Se sonrojó levemente, apartando la mirada hacia el camino, y algo en ese gesto me hizo sonreír sin darme cuenta. No había intención romántica, ni siquiera un coqueteo consciente, pero había una conexión que parecía flotar entre nosotros.
Al recordar también los silencios, sentí cómo su presencia se volvía más importante para mí. Caminábamos juntos sin necesidad de llenar cada espacio con palabras, y aun así, había comodidad. A veces, solo miraba sus manos mientras ajustaba la mochila o cómo se enredaba un mechón de cabello detrás de la oreja. Pequeños gestos que, en mi cabeza, adquirían un peso mayor del que deberían.
Nunca había sido fácil para mí abrirme. Desde la muerte de mi madre, aprendí a ser fuerte, a no mostrar debilidad. Pero frente a Samara, la fortaleza parecía desvanecerse un poco. Era extraño admitirlo, pero no podía negarlo: me importaba. Y mucho.

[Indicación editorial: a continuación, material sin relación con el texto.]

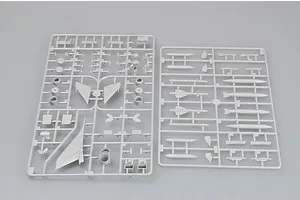 Two grey plastic model kit sprues containing various aircraft parts, including wings, missiles, and fuselage components, laid out on a plain grey background.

Mientras removía lentamente el café, recordé cómo había ayudado a Samara a cruzar un pequeño arroyo sobre unas piedras resbaladizas. Su risa, su torpeza al intentar mantener el equilibrio y su agradecimiento sincero me habían hecho sentir… vulnerable, de una manera que no sentía con nadie más.